It was under the shadowy branches of these old trees that the famous The Hojeir Valley Conference was held on the 24th day of April 1920. This event gave the valley great symbolic value and high moral significance. On that day a general meeting was called by a religious dignitary, Al’allamah Abd El-Hossein Sharaf- Elddine,” a religious and national leader who was highly regarded by the Shiite people in the region of Jabal ‘Amel, at the Hojeir fountainhead. The purpose of the meeting was to motivate the inhabitants of the region to fight against the French occupation. Many dignitaries from the mountain of Jabal ‘Amel were present as well as many renowned revolutionary leaders; among them were Khanjar Alssa’be and Sadeq Hamza Fa’our. In his speech, Al’allamah Sharaf- Elddine announced a plan for regulated armed resistance and insisted on national unity and mutual respect between different religious groups.

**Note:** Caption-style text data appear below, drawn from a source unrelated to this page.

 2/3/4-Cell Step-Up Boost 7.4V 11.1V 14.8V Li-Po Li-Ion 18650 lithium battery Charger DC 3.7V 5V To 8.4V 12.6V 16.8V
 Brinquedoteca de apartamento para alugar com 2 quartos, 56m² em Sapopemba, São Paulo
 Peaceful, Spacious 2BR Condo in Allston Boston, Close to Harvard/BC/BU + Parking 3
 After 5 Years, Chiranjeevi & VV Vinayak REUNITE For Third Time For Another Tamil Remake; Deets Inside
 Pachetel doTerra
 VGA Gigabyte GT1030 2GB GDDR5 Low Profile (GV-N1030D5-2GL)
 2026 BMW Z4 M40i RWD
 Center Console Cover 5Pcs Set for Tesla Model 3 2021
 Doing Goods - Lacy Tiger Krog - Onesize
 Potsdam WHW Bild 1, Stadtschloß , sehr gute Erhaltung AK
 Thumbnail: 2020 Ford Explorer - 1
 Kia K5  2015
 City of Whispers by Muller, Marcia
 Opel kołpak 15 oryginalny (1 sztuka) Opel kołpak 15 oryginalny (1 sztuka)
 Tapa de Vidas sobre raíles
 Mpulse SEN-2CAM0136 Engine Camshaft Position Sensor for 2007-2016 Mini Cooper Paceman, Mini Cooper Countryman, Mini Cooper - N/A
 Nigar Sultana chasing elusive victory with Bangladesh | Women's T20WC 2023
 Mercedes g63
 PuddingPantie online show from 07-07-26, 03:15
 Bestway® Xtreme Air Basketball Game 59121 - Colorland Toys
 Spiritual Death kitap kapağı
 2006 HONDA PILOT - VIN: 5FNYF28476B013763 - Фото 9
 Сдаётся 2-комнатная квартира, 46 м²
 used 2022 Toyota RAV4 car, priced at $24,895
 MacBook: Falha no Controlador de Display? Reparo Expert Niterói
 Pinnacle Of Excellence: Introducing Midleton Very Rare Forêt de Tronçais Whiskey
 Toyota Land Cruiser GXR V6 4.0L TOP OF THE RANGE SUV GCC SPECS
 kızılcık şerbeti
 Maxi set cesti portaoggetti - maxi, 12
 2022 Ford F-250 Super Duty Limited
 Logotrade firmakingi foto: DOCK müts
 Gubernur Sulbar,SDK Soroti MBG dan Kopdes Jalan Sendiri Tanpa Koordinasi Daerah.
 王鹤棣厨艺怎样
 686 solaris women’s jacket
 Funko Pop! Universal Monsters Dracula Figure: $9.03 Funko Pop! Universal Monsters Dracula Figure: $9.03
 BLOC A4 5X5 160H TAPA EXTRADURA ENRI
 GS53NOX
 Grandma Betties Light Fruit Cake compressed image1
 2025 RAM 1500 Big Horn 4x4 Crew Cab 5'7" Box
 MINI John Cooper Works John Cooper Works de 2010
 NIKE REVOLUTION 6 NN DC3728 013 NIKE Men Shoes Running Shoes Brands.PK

In July 2006, the Hojeir Valley witnessed heavy combat that resulted in the destruction of a number of heavy Israeli tanks, especially the Mirkava tanks. Since that time, the Hojeir Valley has been referred to by some Lebanese and Arab people as the Mirkava Cemetery.
Martyrs Valley, Leaders Valley, Death Valley, Resistance Valley, Mirkava Cemetery, these are all names given to the Hojeir Valley since the beginning of the resistance movements. These names definitely speak to the importance of the symbolic reserve and the high spiritual dimension that the valley represents to a vast number of people. Not withstanding the emotional value that this place embodies, especially for the southern Lebanese because of the number of events and glories that it holds for them both consciously and unconsciously, the valley has become the cradle of images and stories that make up a part of their collective memory.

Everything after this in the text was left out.